日本語字幕の付いた予告編すらもありません。
公開されてないし目途も立ってないものですから、私は2010年の名作『インセプション』を観て自分を慰めています。
『オッペンハイマー』は、第2次世界大戦中に原爆の開発を主導した米物理学者のロバート・オッペンハイマーさんの伝記映画です。
上映時間は約3時間で、広島と長崎への原爆投下やその後の惨禍は描写されていなく、最初の核実験に至る経緯とオッペンハイマーが広島への原爆投下をラジオ放送で知り、その後に被爆地の実態を聞いたことで苦しみ…そして責任を感じて水爆の開発に反対したことで、ソ連のスパイ疑惑をかけられて国家機密に関わる資格を剥奪される…という内容です。

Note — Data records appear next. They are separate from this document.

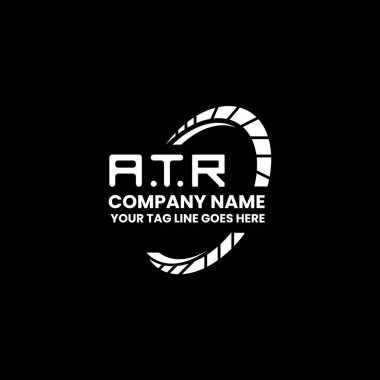 ATR letter logo creative design with vector graphic, ATR simple and modern logo.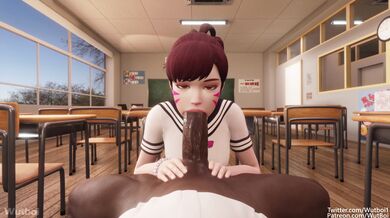 [Ultra HD] Trapped in Detention with D.Va [Blacked Out] [Wet Fart]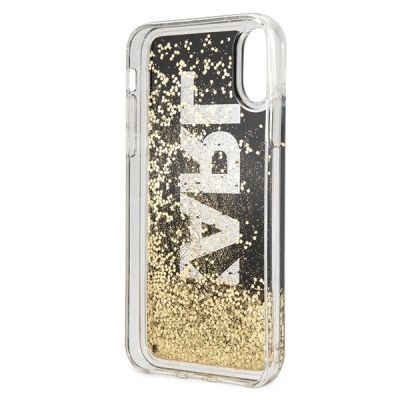 4. Karl Lagerfeld Karl Logo Glitter iPhone X/Xs Hülle - Schwarz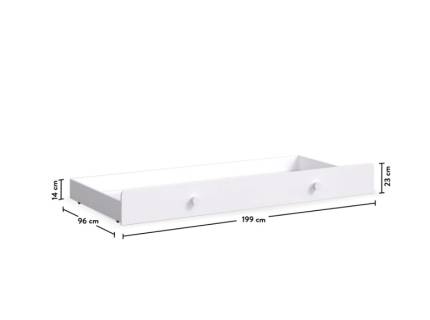 Pat suplimentar (90x190cm) MONTES WHITE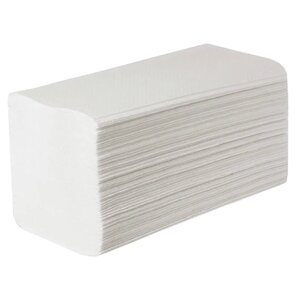 Полотенца бумажные листовые V укладки Profi Premium, двухслойные, 200л, 100% целлюлоза (15)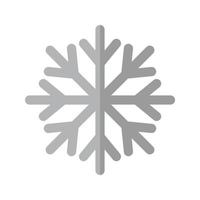 Cooling Flat Greyscale Icon vector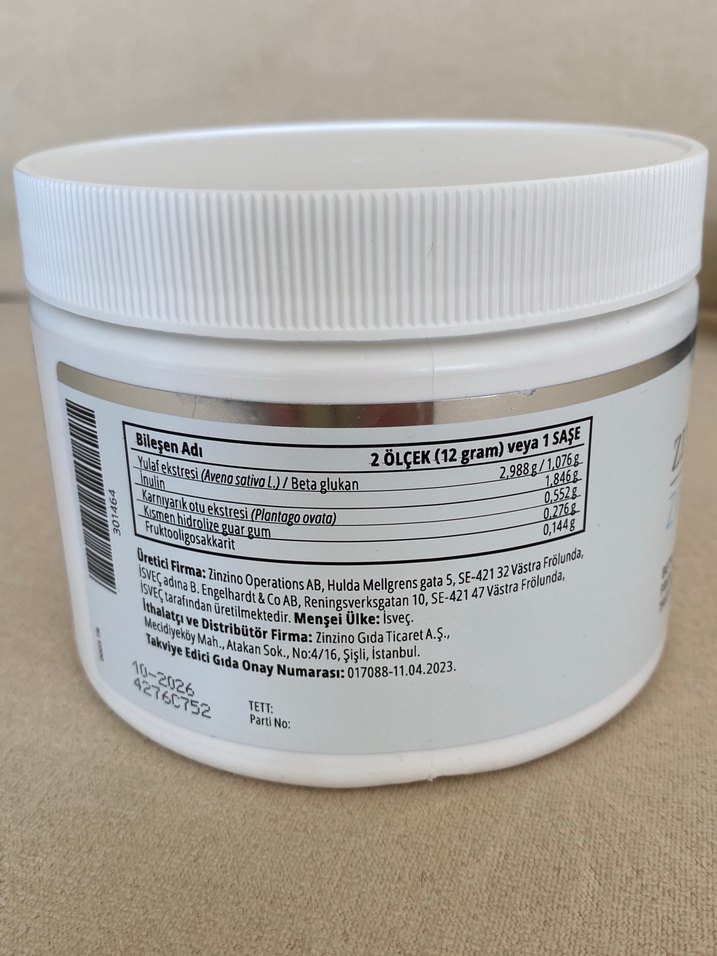 Zinzino Zinobiotic+ Takviye Edici Toz - Görsel 3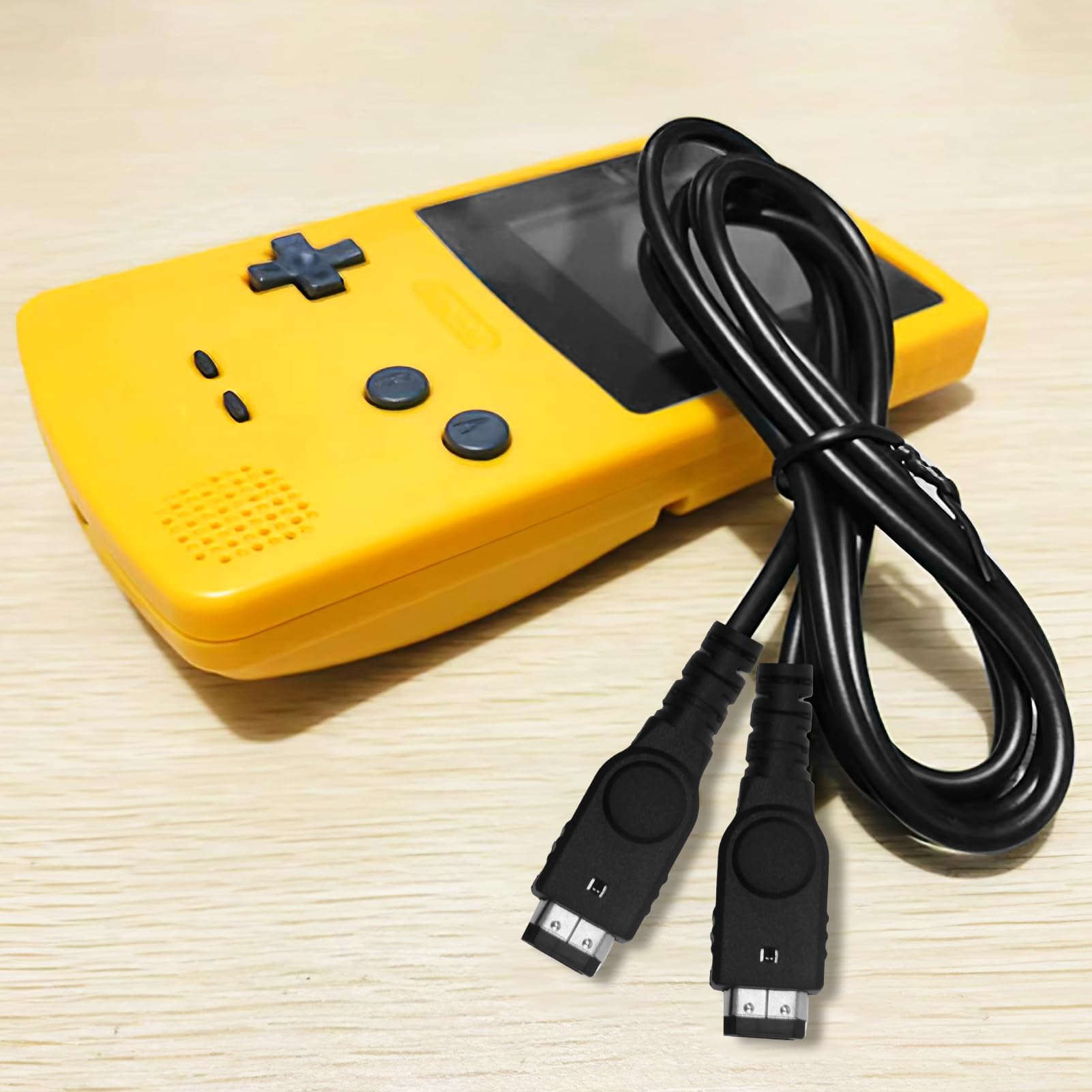Link Cable para Nintendo Game Boy Color y GBA SP, Cable de Conexión Portátil de 1.2 m para 2 Jugadores (Negro) — view 6
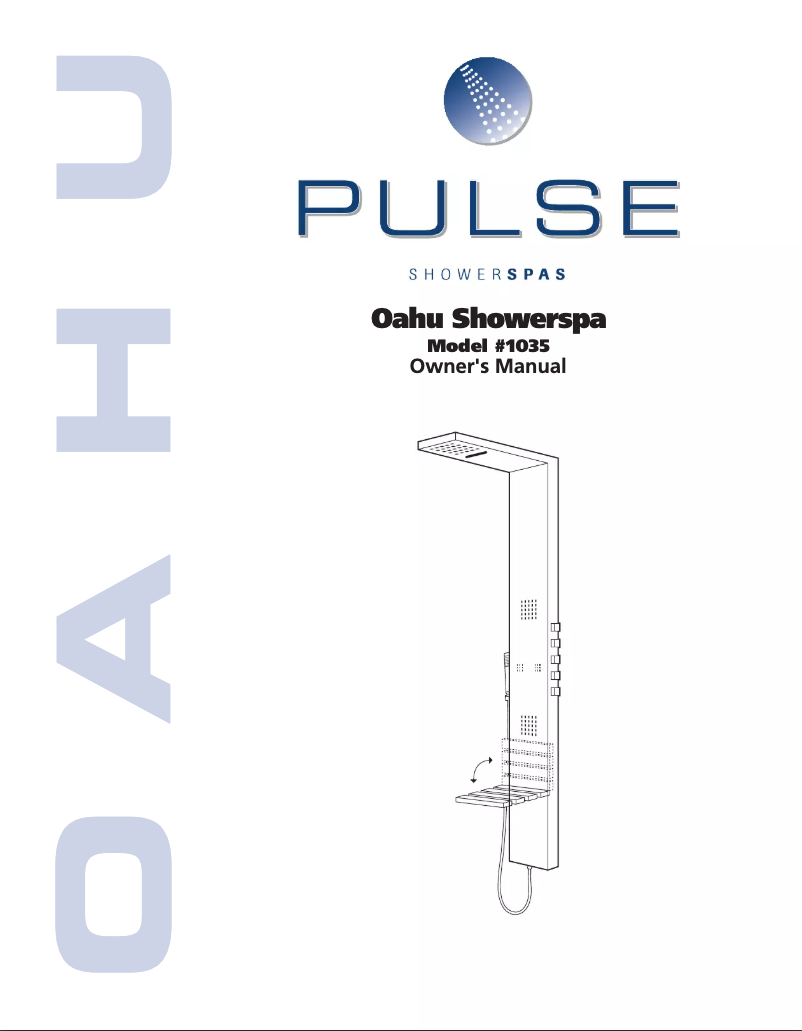 Page 1 de la notice Manuel utilisateur Pulse ShowerSpas 1035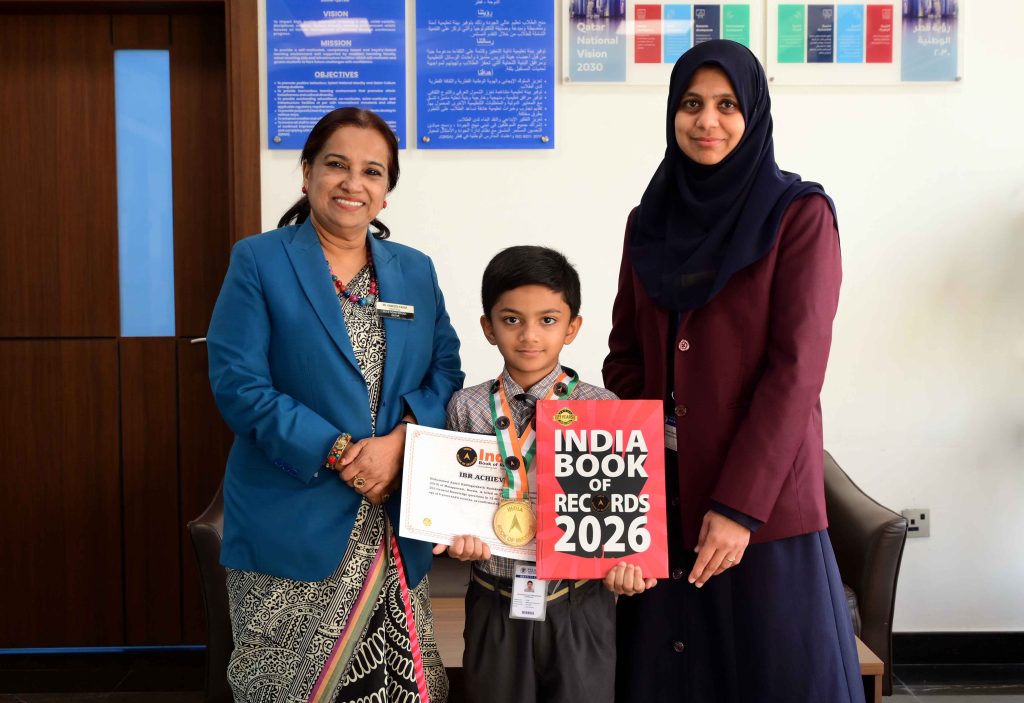 YOUNG GENIUS OF M.E.S MAKES HIS MARK IN INDIA BOOK OF RECORDS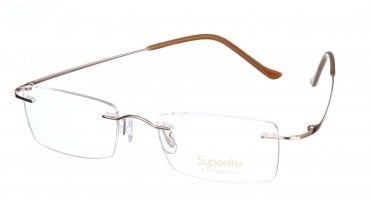 Superlite SL19 - Titanium Rimless Glasses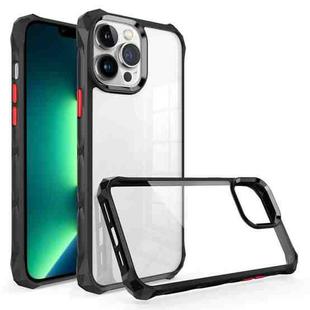 For iPhone 13 Pro Max Water Cube High Transparent Space Phone Case(Black)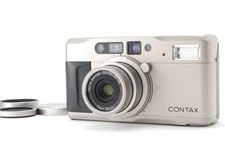 Contax TVS 35mm Point & Shoot Film Camera "Near Mint" 9489 Silver w/Date Back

早くもクリストファー・ノーラン監督の最高傑作だなんて言われていて驚いています。
あの『メメント』や『ダークナイト』、『インセプション』、『インターステラー』といった映画史に残るような名作群に匹敵する…又は、それ以上の作品をまた作ってしまったの?…という感じです。
日本では原爆がテーマの映画ということもあり、配給会社が政治的論争に巻き込まれるのを嫌っているとか終戦記念日の後で公開日を決めるのでは…などという憶測が流れています。
でも、歴史から目を逸らすのではなく、 世界がこの歴史的事実をどう認識しているのかを知り、日本人としての認識も再確認して、その誤差について議論したりすることで前に進むキッカケになる良いタイミングなのではないか…なんてことも考えますし、反対に、映画なのでそこまで難しいことは考えないでポップコーン食べながら観たって良いのではないのかな…とも思ったりもしています。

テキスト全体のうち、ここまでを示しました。